本を書き始めた18歳の頃は、リーマンショックなどがあって、アメリカが大不況の時期でした。大学を卒業しても就職先があるという保証はない。卒業したらいったいどうなってしまうんだろうという心配事を、周囲のみんなが抱えていました。
本を出版した昨年は、アメリカはたまたま好況の時期でした。でももし不況期だったら、本に対してもっと反響があったのではないかと実は思っています。『サードドア』は、政府や企業がなにかをしてくれるまで待つのではなく、もっと創造的になって、やりたいことは自分から進んでやって行こうというメッセージを込めた本ですから。
僕は、日本の状況にはあまり詳しくはありませんが、過労死するまでプライベートを犠牲にして働く人が多く、問題になっていると聞きました。そこまで従業員を働かせてしまうというのは、いったいどういうことでしょうか。これからはAIが成長を遂げます。そうなると、創造的で人間らしい考えを持った従業員の多い会社こそが、成長し、残ることになるだろうと思います。

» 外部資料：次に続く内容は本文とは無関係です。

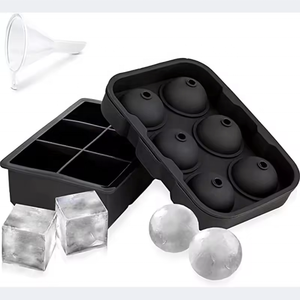 Nhà Máy Giá BPA free Silicone lớn <span class=keywords><strong>Ice</strong></span> <span class=keywords><strong>Cube</strong></span> khay với nắp vuông <span class=keywords><strong>Ice</strong></span> <span class=keywords><strong>Cube</strong></span> khuôn 6 lưới lớn <span class=keywords><strong>Ice</strong></span> <span class=keywords><strong>Cube</strong></span> Maker - Product Image 1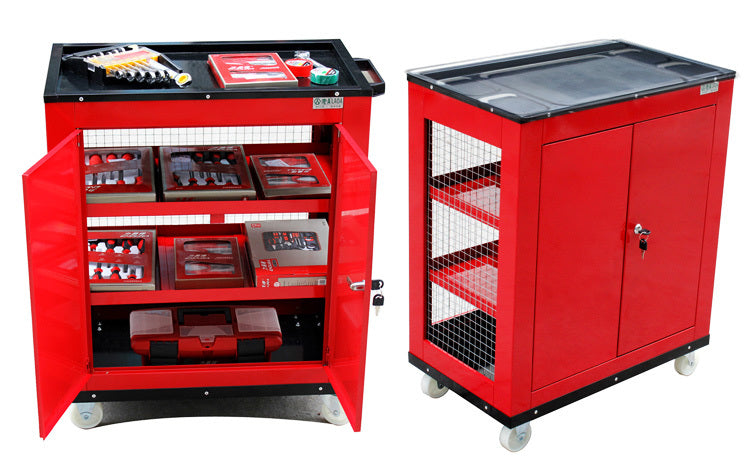 Large Lockable Toolbox Cabinet Tool Trolley - Dshop.com.au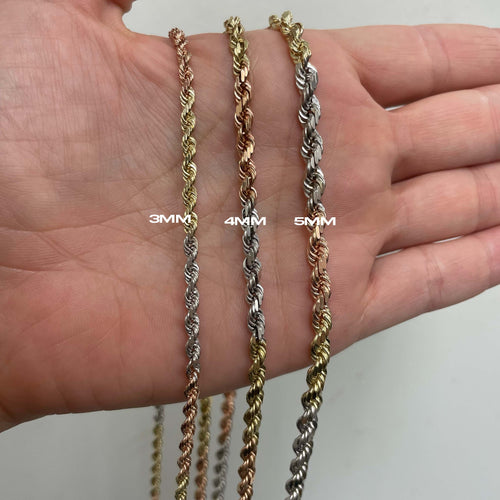 4.0MM Rope Chain (Tri-Color)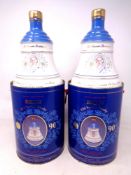 Two Bells Old Scotch Whisky decanters - The 90th Birthday of The Queen Mother, both sealed in boxes.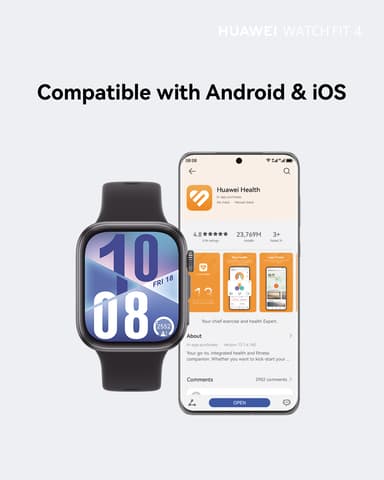 Huawei Watch Fit 4 smartwatch (lila)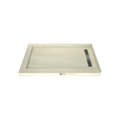 Redi Trench® 34 In x 60 In Double Threshold Corner Tileable Shower Pan Base with Right Drain and Linear Trench
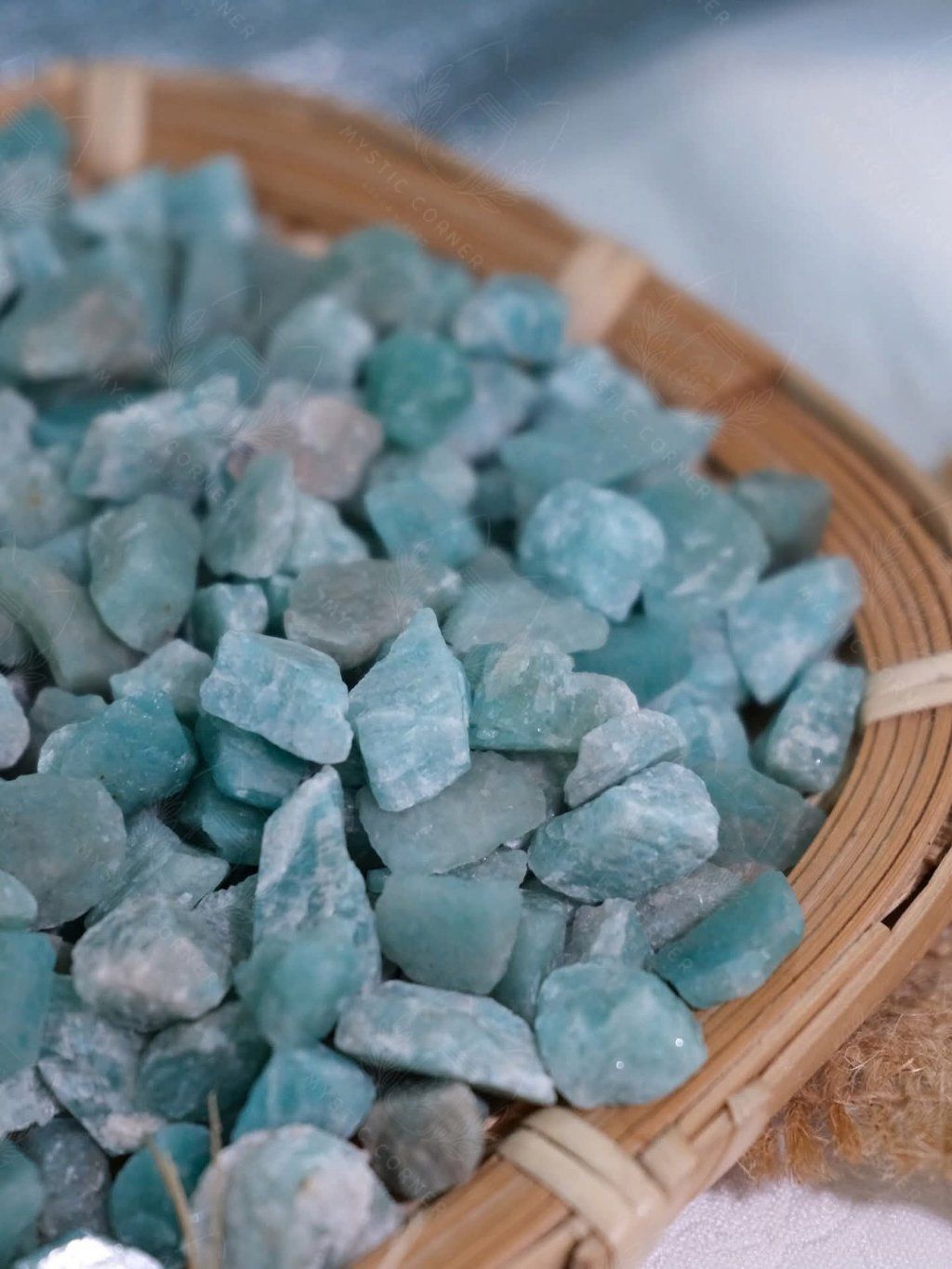  Thô mini đá Amazonite - đá Thiên Hà Tự Nhiên làm vòng handmade, DIY, thanh tẩy bài Tarot, spell 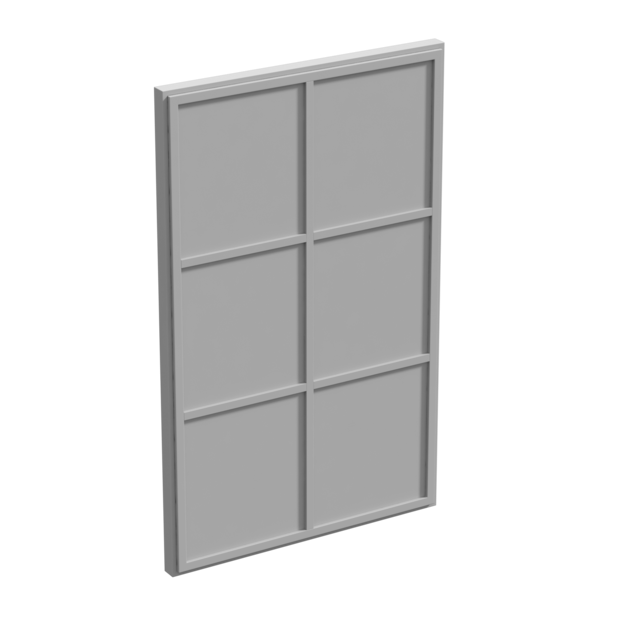 Ventana rectangular vertical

実は18歳の頃、グーグルに就職したいと思っていたことがありました。でも、『サードドア』に取りかかってみたら、そっちのほうがあまりに面白くなりました。結果、グーグルやアップルに出向いてスピーチをする身分になれたんです。でも、それも1日で十分だなと感じています。
お金を稼ぎながら、世界をよくすることを考える
――日本では、成功者のもとに集まって情報や人脈を得るというサロンビジネスがあります。アメリカにもそのようなサロンはありますか?

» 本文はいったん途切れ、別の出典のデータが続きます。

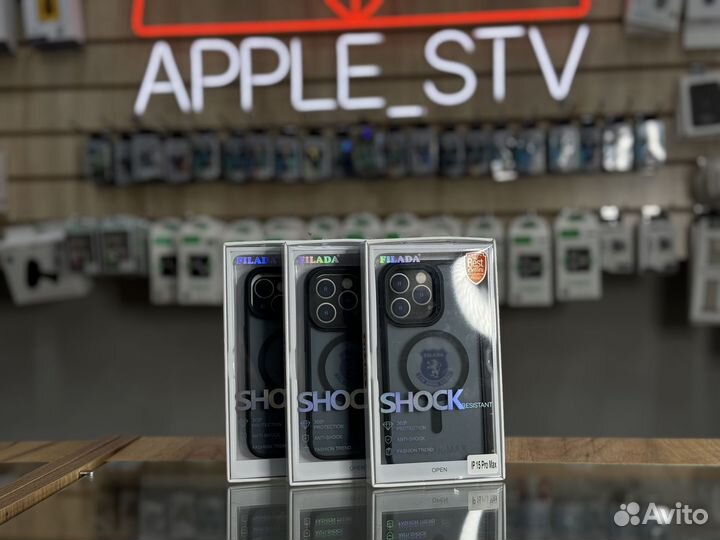 Чехол Shock resistan Black iPhone 15/Pro/Pro Max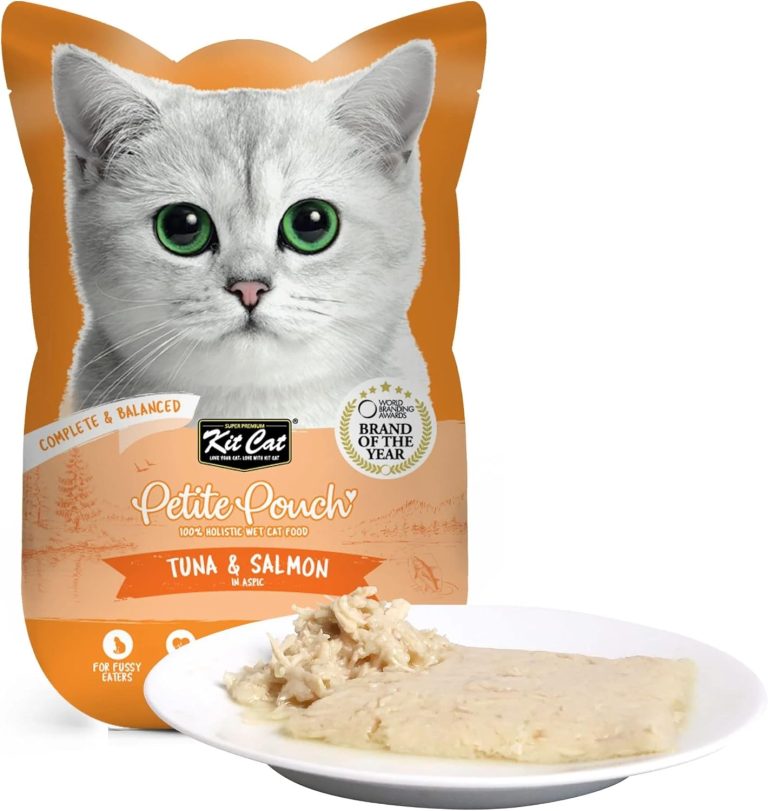 Kit Cat Petite Tuna & Salmon in Aspic Cat Food – 70g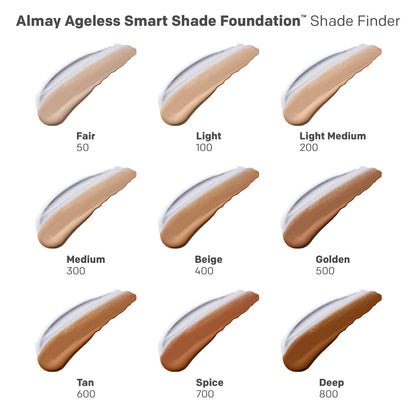 Almay Smart Shade Anti-Aging Foundation with Hyaluronic Acid & Niacinamide – 050 Fair, 1 fl oz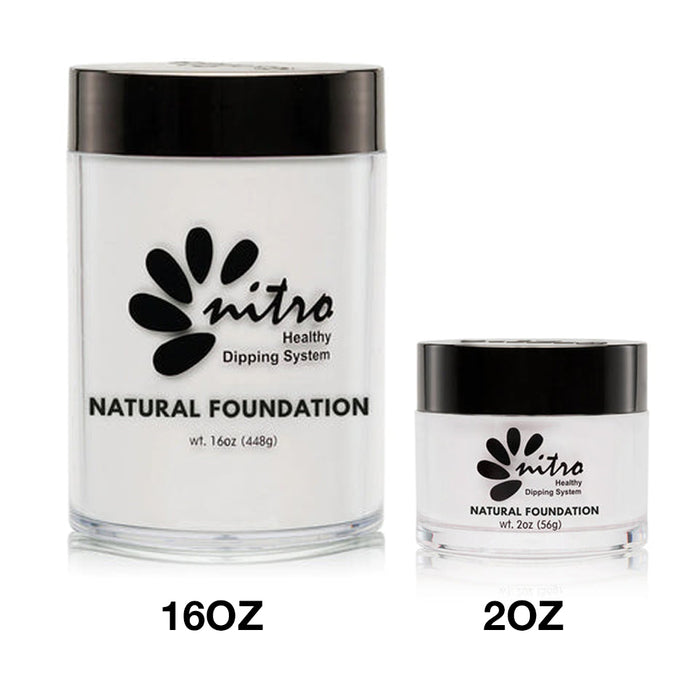Nitro Pink &amp; White Collection Powder - Base de maquillaje natural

もちろんあります。エコノミッククラブと呼ばれていて、すごく盛況ですね。3段階あって、1番トップがビジネスクラブ。ここは排他的な傾向があります。そして次が商工会議所、そしてその下に若い起業家のクラブがあります。日本では、成功者に心酔して狂信的になる人々がいるようですね。アメリカのエコノミッククラブには、あまりそういう人はいません。
規模の大きなクラブでは、大企業のCEOたちが、お金を稼ぎながらさらに世の中にどのように貢献していけるか、環境をどう維持するかなどを議論しています。お金を稼ぎながら、同時に世界の安定を保つという理念を持つクラブが多いのです。やはり、成長していくことと、持続する社会を考えること、この両方が重要だということです。

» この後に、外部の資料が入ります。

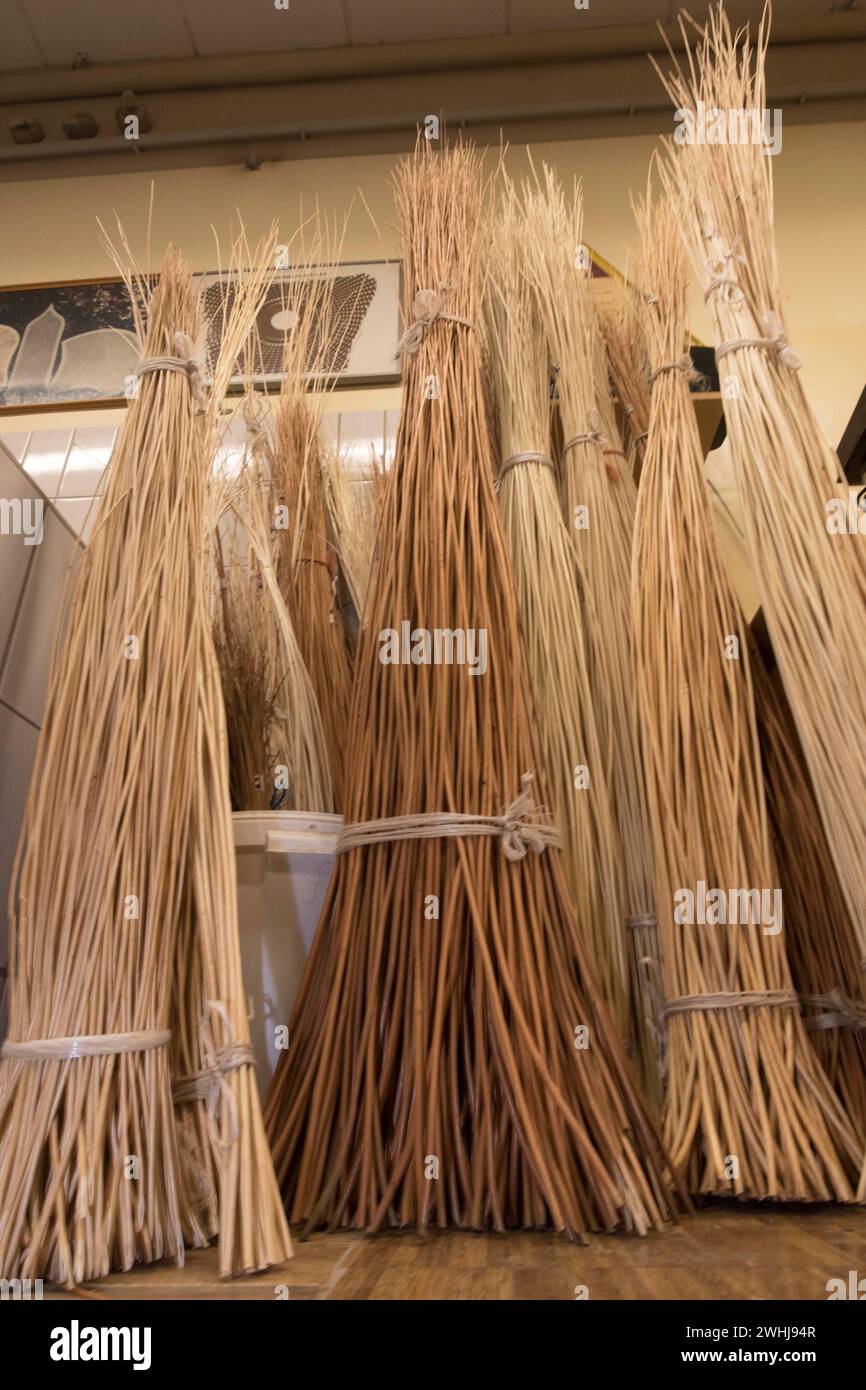 Un cestello trita un cestello Foto Stock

――日本では活字離れが深刻化しています。バナヤンさんは、インタビュー前にその人物の本をすべて読み込む様子をつづられていましたが、本というものにはどのような考えをお持ちですか?
僕は活字の本が大好きなんです。ページをめくりながら、自分の手で書き込むことができるし、マーカーを引いたりもできる。そうすることで、本が個人的なものになりますよね。科学的な研究結果にも、デジタルのものよりも、活字を読むほうがより学習効果が高いというデータがあります。